Short descriptive text snippets —
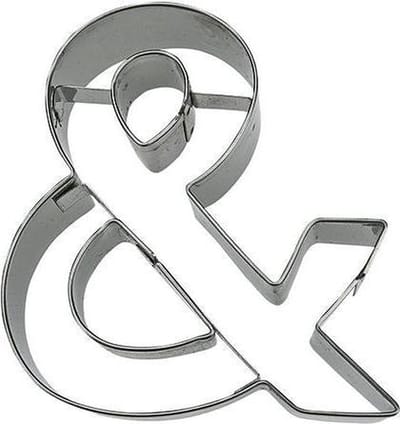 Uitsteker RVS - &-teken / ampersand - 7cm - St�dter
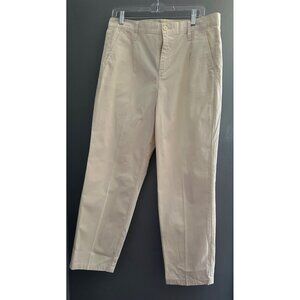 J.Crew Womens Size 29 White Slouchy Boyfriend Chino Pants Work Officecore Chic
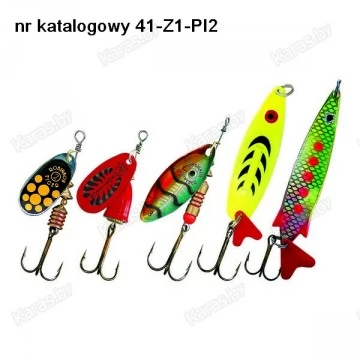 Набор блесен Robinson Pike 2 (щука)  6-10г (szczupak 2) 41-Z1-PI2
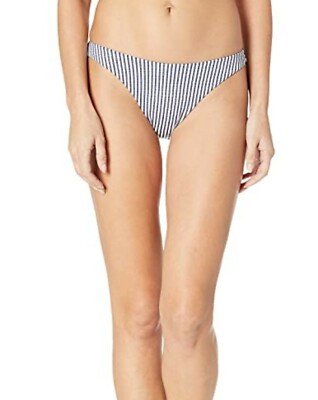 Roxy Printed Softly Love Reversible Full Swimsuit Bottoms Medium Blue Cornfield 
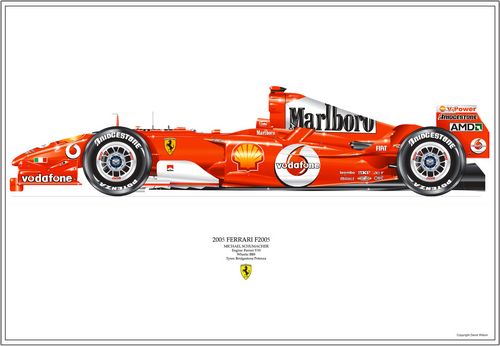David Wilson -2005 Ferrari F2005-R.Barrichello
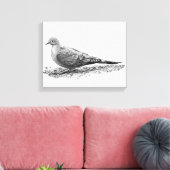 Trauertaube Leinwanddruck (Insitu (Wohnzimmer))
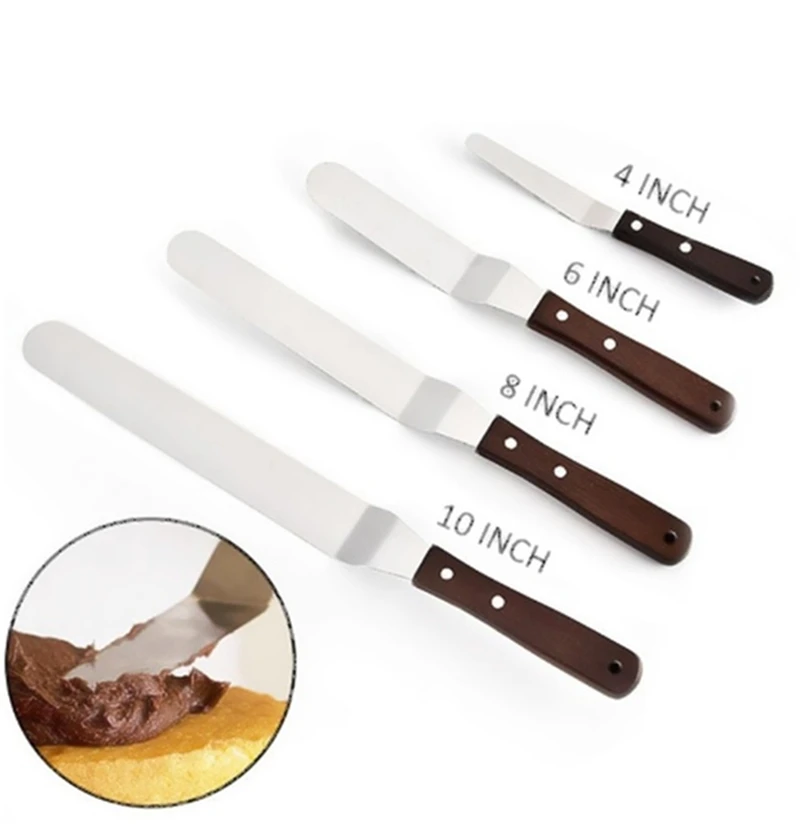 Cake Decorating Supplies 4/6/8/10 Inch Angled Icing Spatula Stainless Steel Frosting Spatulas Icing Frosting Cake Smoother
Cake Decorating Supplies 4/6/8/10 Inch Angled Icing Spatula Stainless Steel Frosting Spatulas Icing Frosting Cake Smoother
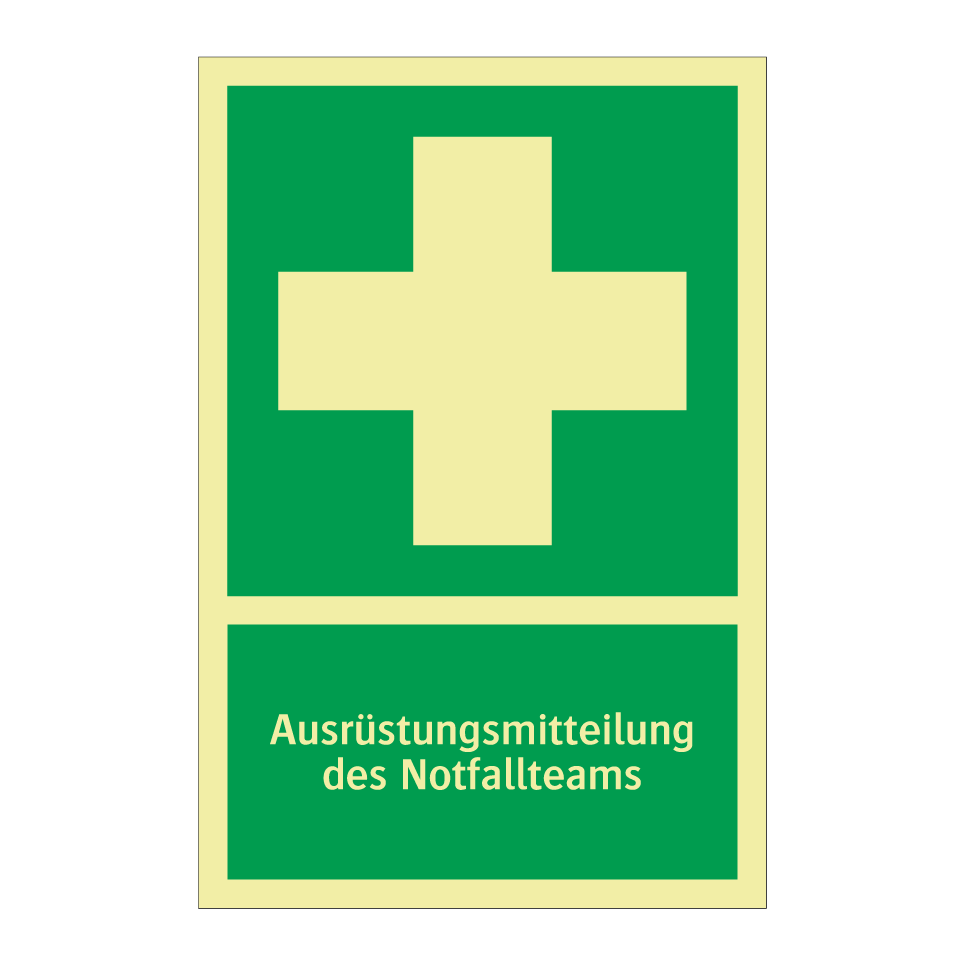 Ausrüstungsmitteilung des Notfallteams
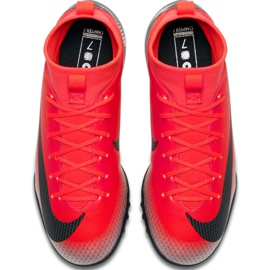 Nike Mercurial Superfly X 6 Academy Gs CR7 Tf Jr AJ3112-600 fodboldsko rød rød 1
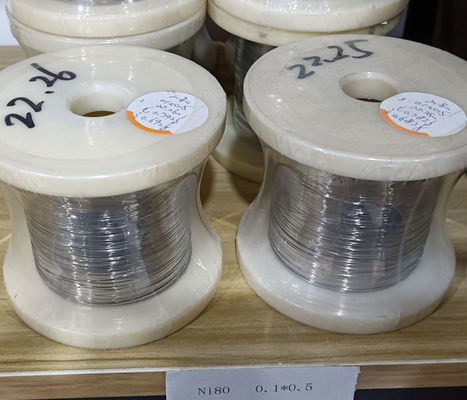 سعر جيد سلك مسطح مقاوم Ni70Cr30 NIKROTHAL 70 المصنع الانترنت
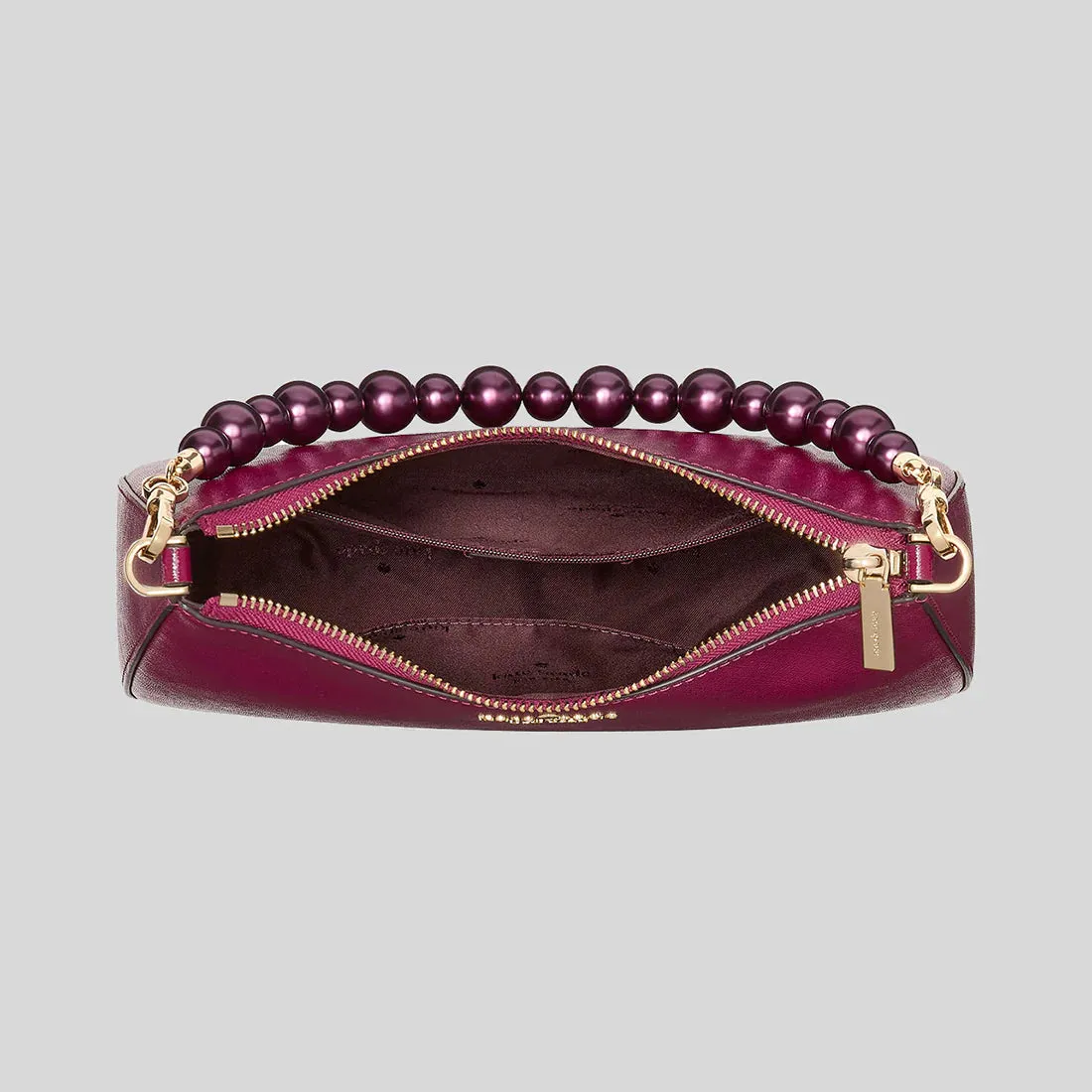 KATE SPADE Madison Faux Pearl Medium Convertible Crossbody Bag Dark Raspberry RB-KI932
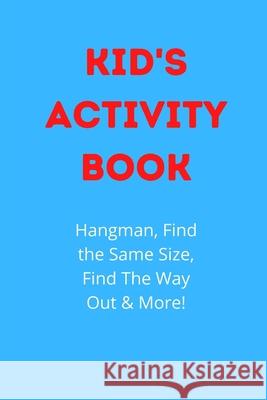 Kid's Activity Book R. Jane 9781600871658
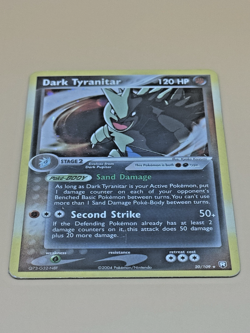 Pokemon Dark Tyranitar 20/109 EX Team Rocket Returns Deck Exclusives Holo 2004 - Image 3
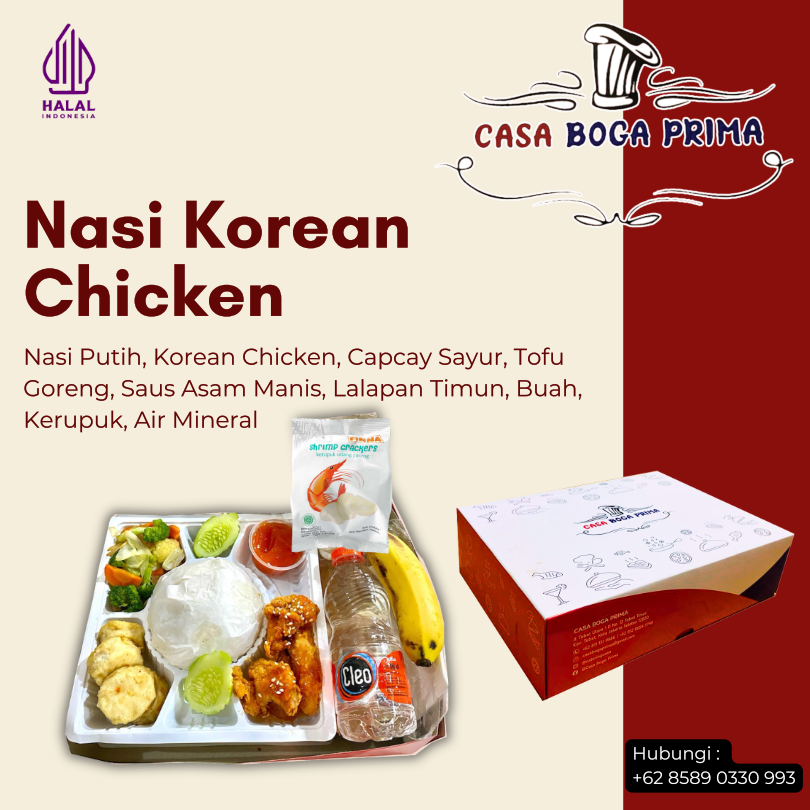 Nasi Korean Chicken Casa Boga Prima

What you need to do — Give again, please, precisely the lines that begin the records and run through the line with "Pokemon Dark Tyranitar" in it, keeping both end lines and dropping any pictures.

Expected answer —
 Uitsteker RVS - &-teken / ampersand - 7cm - St�dter
 J.Crew Womens Size 29 White Slouchy Boyfriend Chino Pants Work Officecore Chic
 Набор блесен Robinson Pike 2 (щука)  6-10г (szczupak 2) 41-Z1-PI2
 Roxy Printed Softly Love Reversible Full Swimsuit Bottoms Medium Blue Cornfield 
David Wilson -2005 Ferrari F2005-R.Barrichello
 Trauertaube Leinwanddruck (Insitu (Wohnzimmer))
 Cake Decorating Supplies 4/6/8/10 Inch Angled Icing Spatula Stainless Steel Frosting Spatulas Icing Frosting Cake Smoother
Cake Decorating Supplies 4/6/8/10 Inch Angled Icing Spatula Stainless Steel Frosting Spatulas Icing Frosting Cake Smoother
 Ausrüstungsmitteilung des Notfallteams
 Nike Mercurial Superfly X 6 Academy Gs CR7 Tf Jr AJ3112-600 fodboldsko rød rød 1
 سعر جيد سلك مسطح مقاوم Ni70Cr30 NIKROTHAL 70 المصنع الانترنت
 KATE SPADE Madison Faux Pearl Medium Convertible Crossbody Bag Dark Raspberry RB-KI932
 Kid's Activity Book R. Jane 9781600871658
 Pokemon Dark Tyranitar 20/109 EX Team Rocket Returns Deck Exclusives Holo 2004 - Image 3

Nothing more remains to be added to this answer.